For the second post, I'll dive into caching in its many forms, and explore how this absolutely critical piece of the puzzle leads into a storage environment that can keep up with the workloads demanded of it.
I'll simplify things down a little to make it make sense, as there are many, many factors that can impact some of the examples given, however, for the purposes of illustration, don't overcomplicate things.
What is it?
A cache is typically a small amount of very fast storage attached to a large amount of relatively slow storage. At the level of a single disk, this allows chunks of data to be read from the much slower mechanical or flash-based disk, into that small amount of memory, where the request from a server can be satisfied by picking out the bits it needs now, and likely the next bit it needs in a moment.
All of this happens incredibly quickly, at the level of milliseconds or microseconds, however, the difference made by dropping the time it takes for a data request to be satisfied by just one millisecond makes a large difference.
For example, a storage device that can respond in 12 milliseconds to each request, is going to potentially take up to 5 times as long to answer a series of requests as something that can respond in 3 milliseconds, which in turn might take 3 times longer again to answer the same series as something that can respond to each request in 1 millisecond. (This is highly simplified)
Once you scale the example up to an environment where there may be hundreds of disks, and thousands of users, performing hundreds of thousands of requests of these disks every second, the benefits of reduced latency grow exponentially as more "work" can be completed in any given time.
Cache exists within practically all types of storage and storage controllers.
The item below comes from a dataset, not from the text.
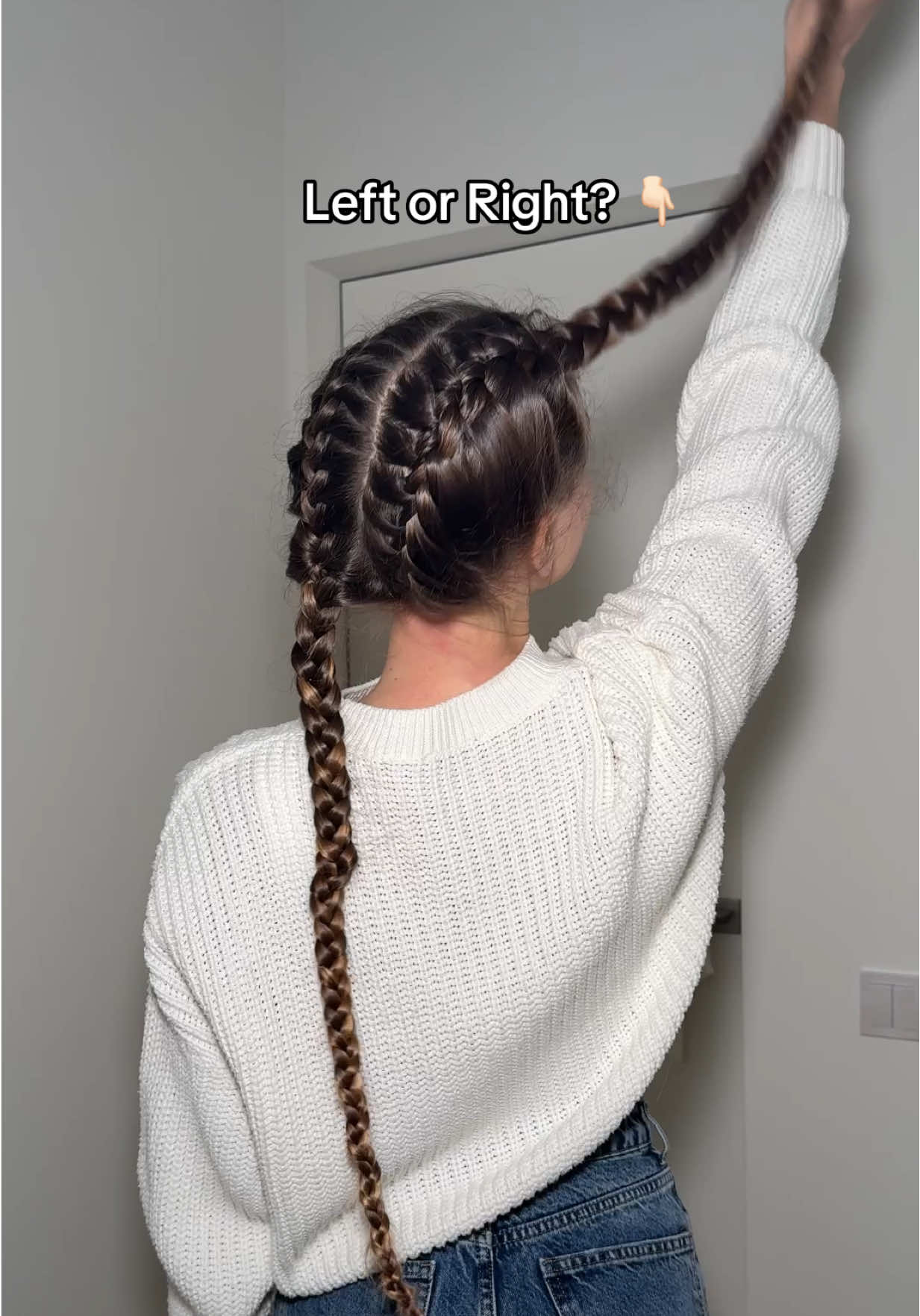 Left or Right side? 🤔🤔🤔👇🏻 #heatlesscurls #noheatcurls #longhair #HairInspo #hairstyle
Each SAS or SATA disk comes with a small amount of cache, RAID controllers also have an amount of memory integrated in them to provide an additional layer of performance and intelligence, and some controllers are even able to utilise a small amount of solid state storage to give a comparatively large area of caching
When it comes to caching, adding an SSD or flash unit directly to a RAID card, or installing the technology in the host server itself can provide some benefit, and looking at faster technologies such as using DRAM can further enhance the cache built into the storage devices themselves.
Practical application
When dealing with environments that rely on shared storage architecture, as most highly-available, virtualized environments do, this presents a management headache in which some servers may be under-utilising the high-performance resources in some areas, and being bottlenecked in others.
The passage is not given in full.